The Parramatta Eels have reached a critical point in their roster management. In the eyes of many supporters, an upcoming retention decision will be making a bigger statement than the decisions made in late 2021.
It involves the man who owns no shirts – Ryan Matterson.
Matto is in rare form.
In 2022, coming off the bench, the utility forward has produced his best footy in an Eels Jersey.
Matto’s numbers are simply outstanding. His running metres off the bench come in at an impressive 160 metres per game. Most of this has been the hard yards as a middle forward, though his versatility has also seen him used on the edge by coach, Brad Arthur.
These metres aren’t trundling hit-ups. In his eight games this season, Mr Biceps has accumulated 478 post contact metres, which is just on 60 metres per game. Additionally, his 16 offloads places him in the top 10 in the NRL despite not playing all games and despite starting off the bench.

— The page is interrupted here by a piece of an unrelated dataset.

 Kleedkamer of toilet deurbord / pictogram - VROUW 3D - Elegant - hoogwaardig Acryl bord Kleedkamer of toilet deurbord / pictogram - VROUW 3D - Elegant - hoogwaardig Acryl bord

His efforts aren’t limited to carrying the ball. Defensively, he’s been more than reliable, returning a tackle efficiency of 93.2%.
Statistically, it’s been a brilliant start to the season, but the eye test is even more telling.

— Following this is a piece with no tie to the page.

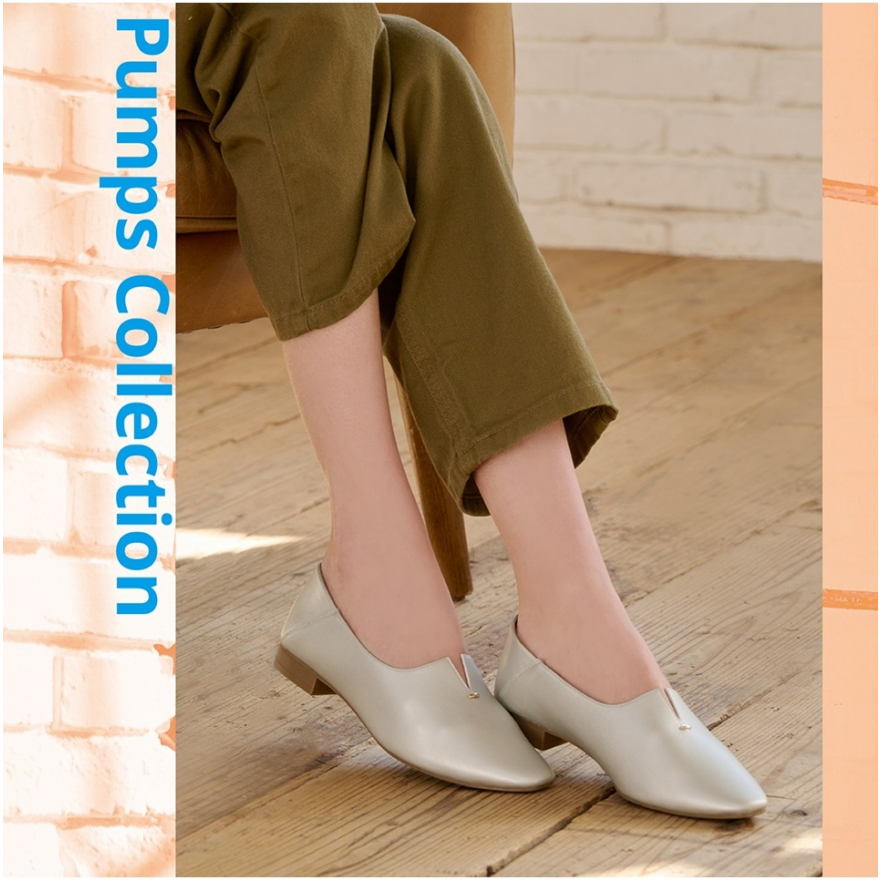 かかとも踏めるパンプス♪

During a period in which the Eels bench has missed the attacking impact of Marata Niukore, Ryan Matterson has filled the breach, and done so with a difference.
Whilst Niukore is a lethal mix of power and intimidation, Matterson has proved difficult for defences to bring down through the middle, and continually threatens to find an offload. When switched to an edge, he’s run good lines and rediscovered his step.

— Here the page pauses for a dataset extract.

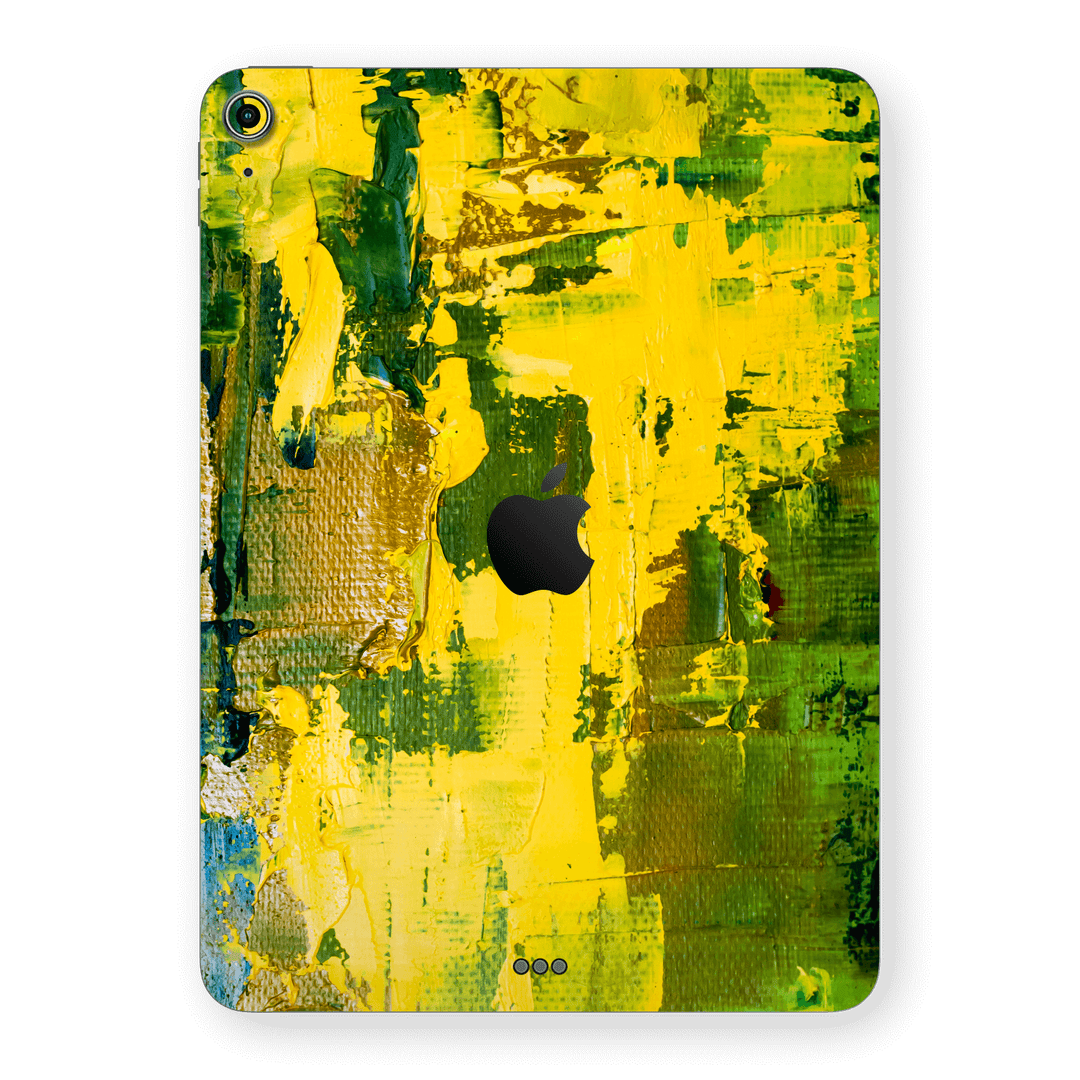 iPad AIR 4/5 (2020/2022) Print Printed Custom SIGNATURE Santa Barbara Landscape in Green and Yellow Skin Wrap Sticker Decal Cover Protector by EasySkinz | EasySkinz.com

Over the last six weeks or so, Matterson has been close to the best on field, whether it be on a winning or losing Eels team. His consistency hasn’t been dependent on those around him.
We saw a window to this form in Matto’s performance as a middle forward off the bench in last season’s final against the Panthers. He was a revelation as a middle forward and produced his best game of that season in the Eels brave loss.
It’s obvious that the Eels junior has regained the confidence apparently lost during a sequence of nasty head knocks.
This has placed the Eels in an unexpected position.
The 2021 version of Ryan Matterson was a player at the crossroads. His immediate future seemed clouded. Concussion issues had restricted him to just 17 appearances and it wasn’t his first dance with head knocks.
To be honest, many supporters (myself included) wouldn’t have been surprised had the 27 year old decided to retire. The last thing expected, or even demanded by fans, was for Parra to extend him on either similar or upgraded coin.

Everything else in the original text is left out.